Letters on Gun Violence

The community reacts to the Parkland shooting


I stand with Parkland, Florida, in mourning the murders of 17 students and faculty members at their high school. I am heartbroken, but most of all, I am outraged.

In the past five months, America has experienced three of the 10 deadliest mass shootings. This is unconscionable. This is a uniquely American problem, and as Americans we are better than this. Parkland joins cities like Springfield, Columbine, Newtown, Charleston, San Bernardino, Las Vegas, Aurora and Orlando that have experienced firsthand the consequences of America’s inaction.

Like so many others that came before it, this tragedy was avoidable. When children go to school, their biggest worries should be math quizzes and deadlines for book reports, not whether bullets will rain down on them while they’re studying.

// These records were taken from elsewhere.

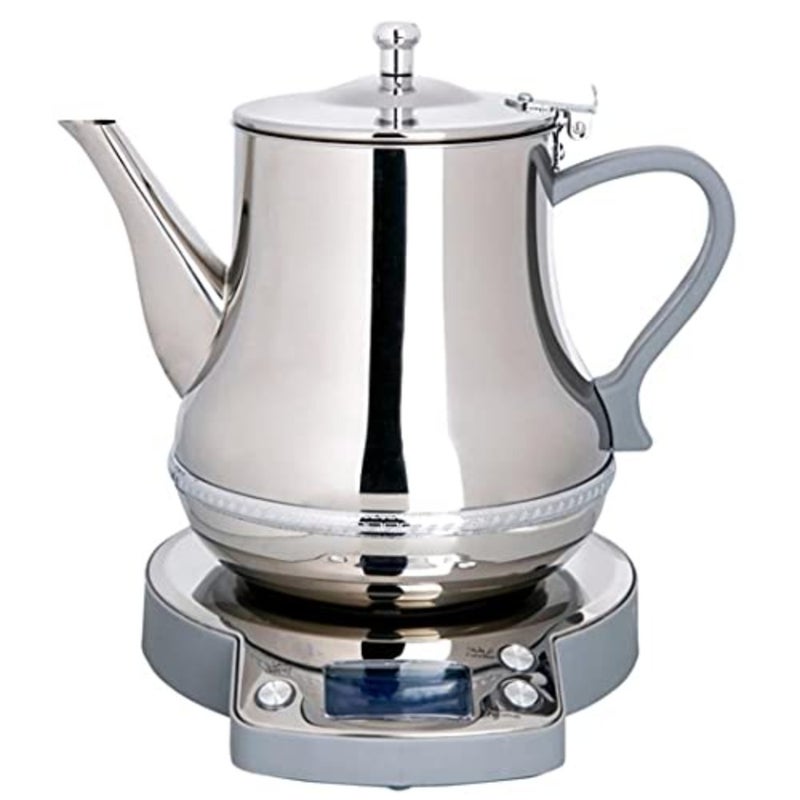 Duo 252 Karak Tea And Arabic Coffee Maker, Stainless Steel, Silver, With Infusers For Loose Coffee - Image 5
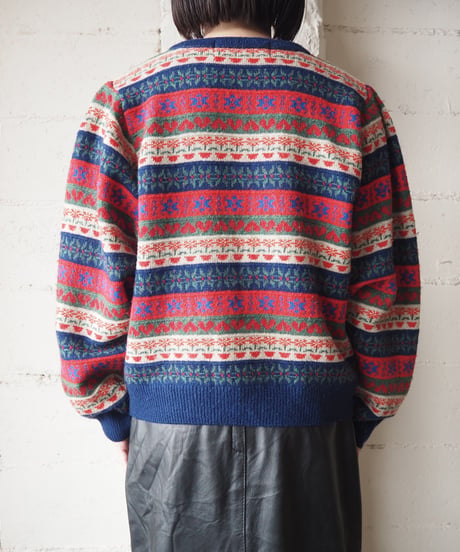 Pattern Knit Cardigan RENV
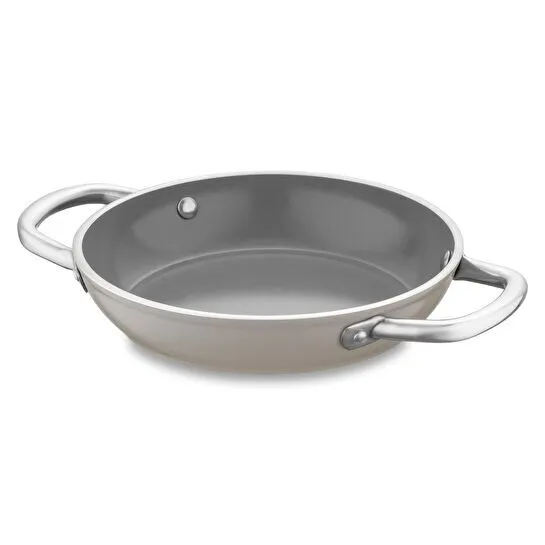 Jumbo Swiss Crystal Bej İndüksiyon Tabanlı Sahan 20 cm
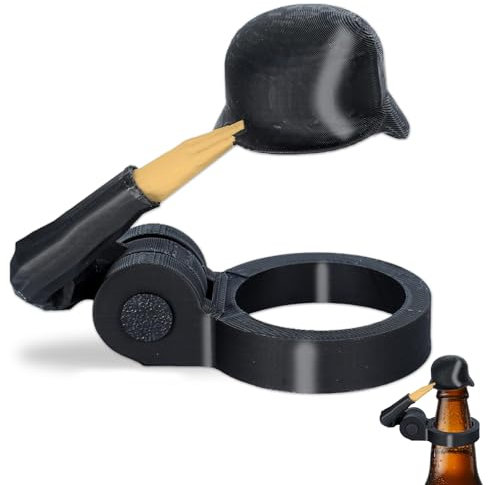 Bierflaschenhelm mit Soldatengruß Bierflaschen Helm Flaschenverschluss Bierflaschen Kronkorken Bierhelm Toppers Interessant und Kreativ, Wiederverwendbar, Staubdicht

It’s time to change the conversation about guns in America, and that starts with each one of us asking hard questions and demanding accountability from our elected officials. We must demand a background check for every gun sale, call on our elected leaders to pass sensible gun laws that save lives without infringing on the Second Amendment, and start talking about the types of guns that are a common thread in so many of these mass shootings — guns designed for military use.

Curtis Taylor





With every school shooting, there are many victims. There are the direct victims who lose their lives or are wounded. There are also the bystanders and witnesses, law enforcement and first responders, family members and friends, hospital staff and local community.

Lastly, there are the family and friends of the gunman asking “why” and “what if.”

But there is an invisible victim every time there is a school shooting. The hundreds, maybe even thousands, of young people terrified to go to school. Children like mine, who routinely have nightmares about watching their friends be shot and killed. Children like mine, who worry that a classmate will one day turn deadly violent.

And parents like me, who wonder when we drop our kids off each morning if we will have the gift of picking them up at the end of the day.

This is unacceptable. These are preventable deaths.

We must move beyond vicious partisan politics to do what is right. We must convene experts and key stakeholders to work together to find real solutions to ending school gun violence in America.

I want people to be able to enjoy hunting. I want people to be able to defend themselves. Congress, do your jobs. End senseless gun violence and school shootings by banning assault weapons.

Ericka Thessen



You can do something. It takes just two minutes to call the congressional switchboard at 202-224-2131 and leave a message. It takes just two hours to attend a meeting for a cause you care about, maybe your neighborhood, schools, homelessness, political party, etc.

Or how about donating two hours as a volunteer? Just Google “volunteer Eugene” or “volunteer Springfield” to find out who needs you.

Imagine if everyone did that just once a month. How things would get better. Now do it.

And vote. Political change starts locally. The school board member you elect becomes your state legislator. The legislator becomes your senator.

Just do it.

Rachel Rich



President Obama ordered a gun violence study by Centers for Disease Control (CDC). The study concluded that self-defense can be an important crime deterrent and there was no evidence that gun restrictions reduce gun violence.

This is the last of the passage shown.